• **GOAL OF THE EXERCISE**
Copy each entry precisely as written, and do not carry over the pictures.

• **SUPPLIED RECORDS**
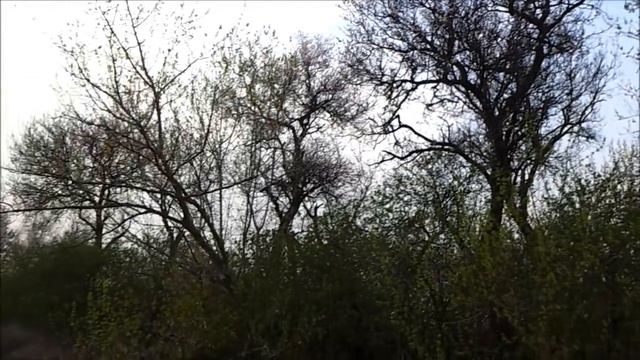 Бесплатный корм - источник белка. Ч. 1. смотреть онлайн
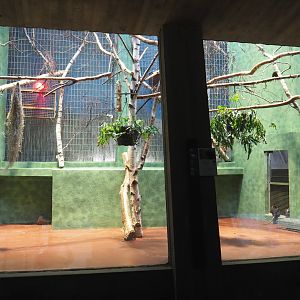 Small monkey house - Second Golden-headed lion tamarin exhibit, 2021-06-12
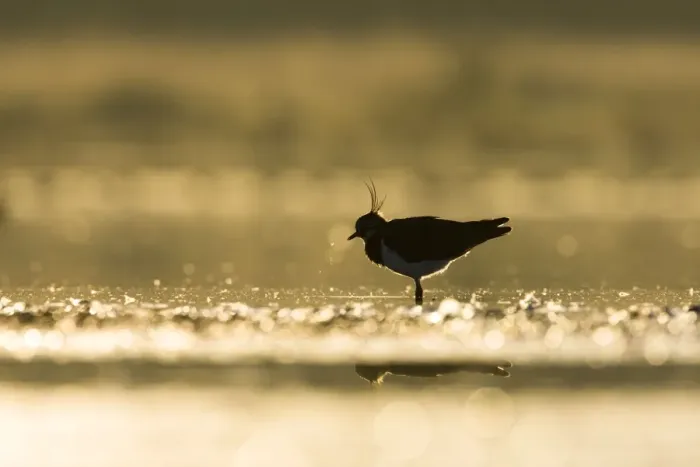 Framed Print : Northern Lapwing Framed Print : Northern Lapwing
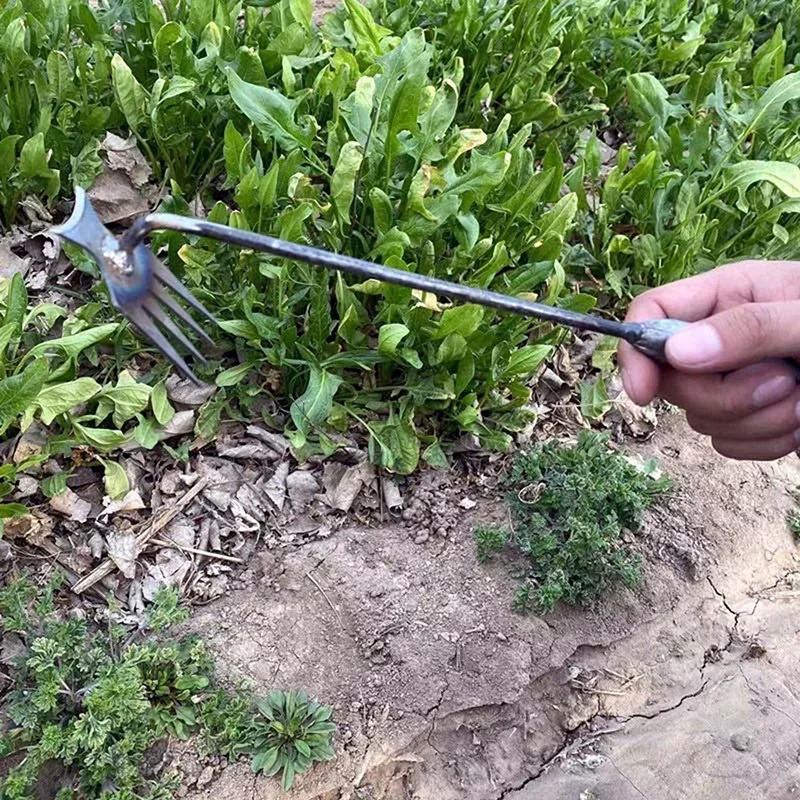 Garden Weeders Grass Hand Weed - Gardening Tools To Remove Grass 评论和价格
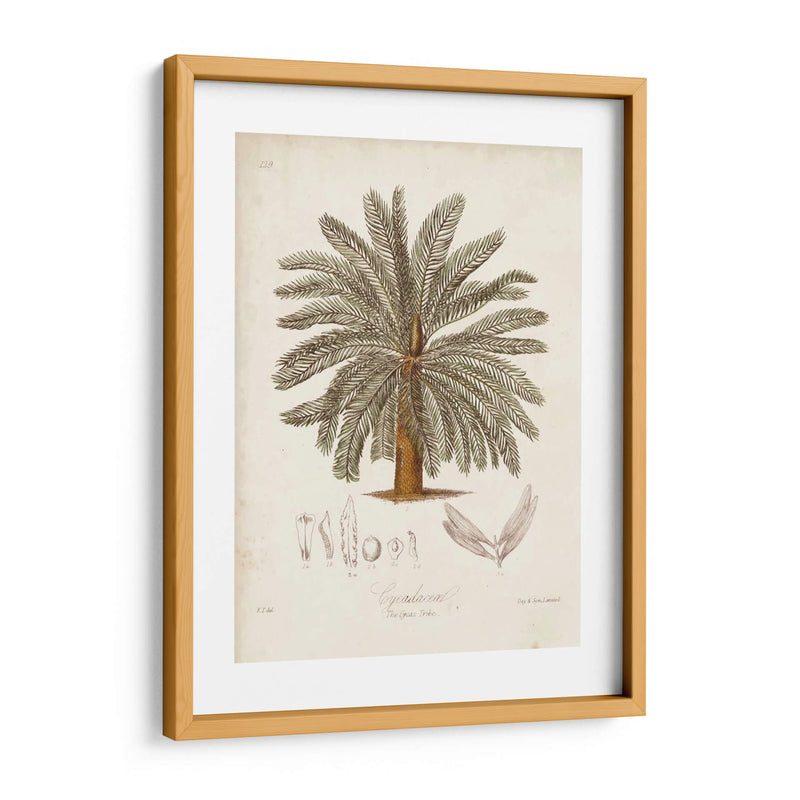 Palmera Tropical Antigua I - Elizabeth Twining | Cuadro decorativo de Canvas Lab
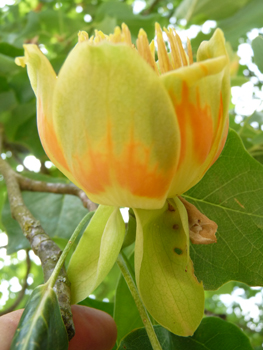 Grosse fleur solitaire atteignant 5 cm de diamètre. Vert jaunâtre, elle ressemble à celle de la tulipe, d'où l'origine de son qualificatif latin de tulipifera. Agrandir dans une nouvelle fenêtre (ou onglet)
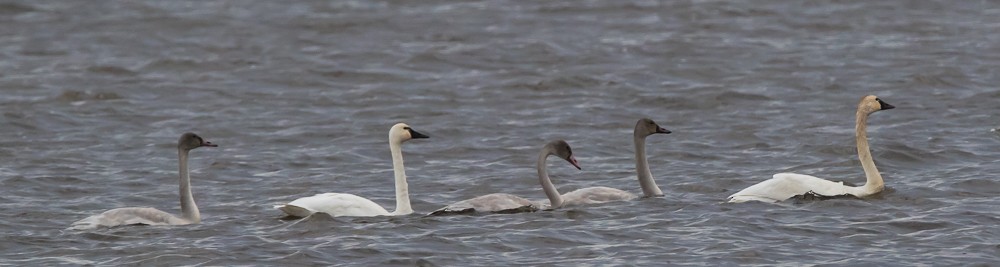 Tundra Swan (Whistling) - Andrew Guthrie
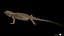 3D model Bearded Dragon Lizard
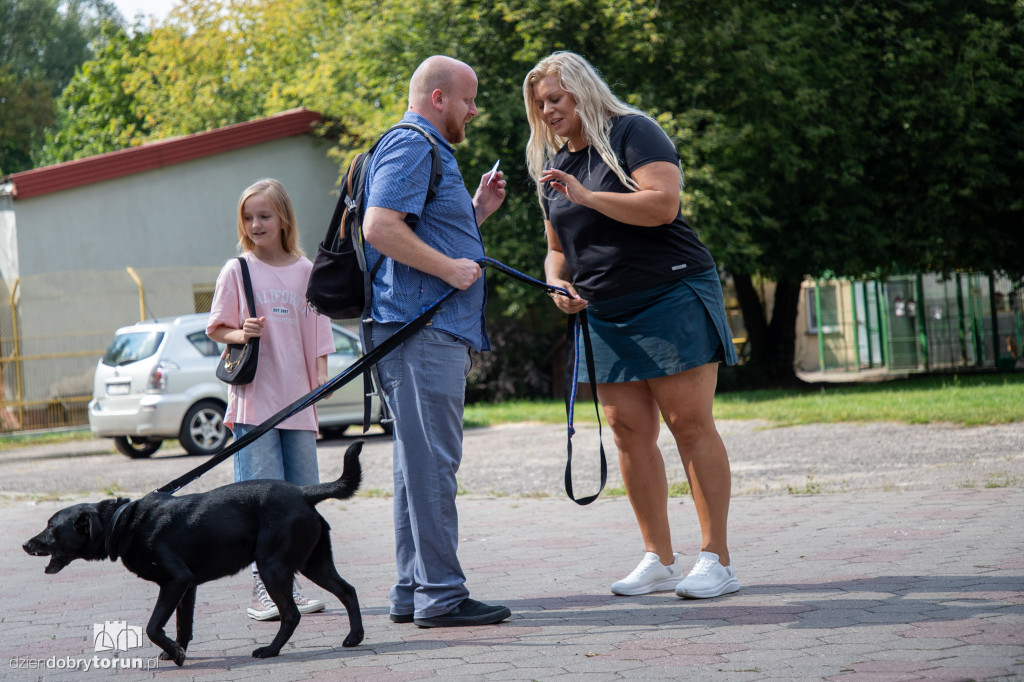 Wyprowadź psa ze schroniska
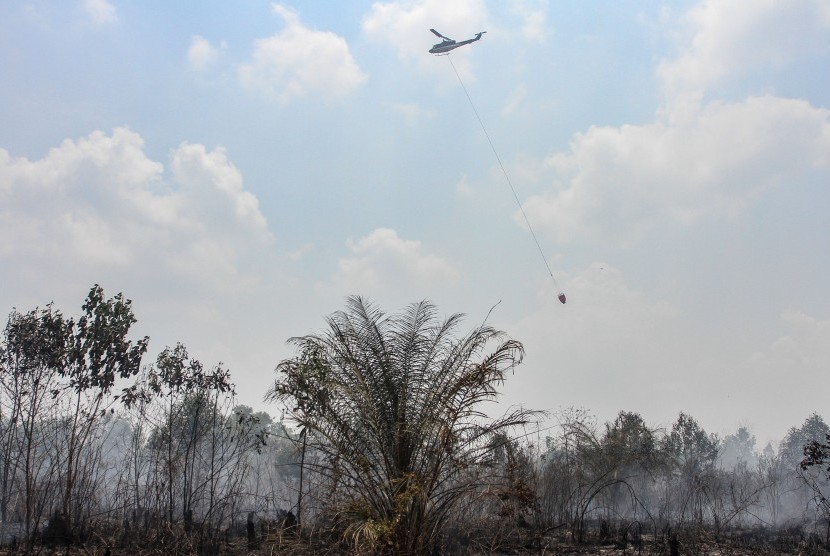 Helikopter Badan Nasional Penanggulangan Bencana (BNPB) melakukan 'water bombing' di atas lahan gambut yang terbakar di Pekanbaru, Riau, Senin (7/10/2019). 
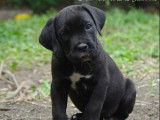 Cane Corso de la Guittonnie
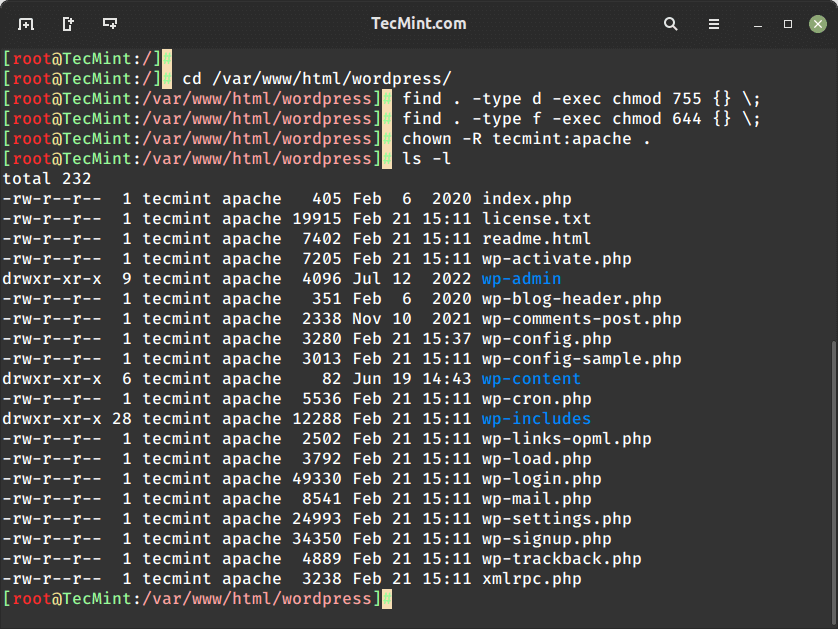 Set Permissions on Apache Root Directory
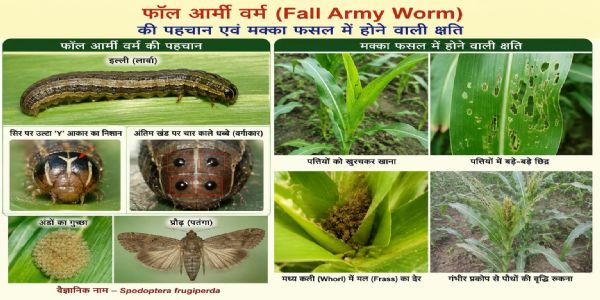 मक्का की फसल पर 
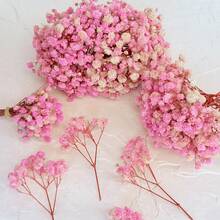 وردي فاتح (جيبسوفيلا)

• **FINISHED EXERCISE**
 Бесплатный корм - источник белка. Ч. 1. смотреть онлайн
 Small monkey house - Second Golden-headed lion tamarin exhibit, 2021-06-12
 Framed Print : Northern Lapwing Framed Print : Northern Lapwing
 Garden Weeders Grass Hand Weed - Gardening Tools To Remove Grass 评论和价格
 Palmera Tropical Antigua I - Elizabeth Twining | Cuadro decorativo de Canvas Lab
 Grosse fleur solitaire atteignant 5 cm de diamètre. Vert jaunâtre, elle ressemble à celle de la tulipe, d'où l'origine de son qualificatif latin de tulipifera. Agrandir dans une nouvelle fenêtre (ou onglet)
 Tundra Swan (Whistling) - Andrew Guthrie
 3D model Bearded Dragon Lizard
 Wyprowadź psa ze schroniska
 Helikopter Badan Nasional Penanggulangan Bencana (BNPB) melakukan 'water bombing' di atas lahan gambut yang terbakar di Pekanbaru, Riau, Senin (7/10/2019). 
 Cane Corso de la Guittonnie
 Set Permissions on Apache Root Directory
 मक्का की फसल पर 
 وردي فاتح (جيبسوفيلا)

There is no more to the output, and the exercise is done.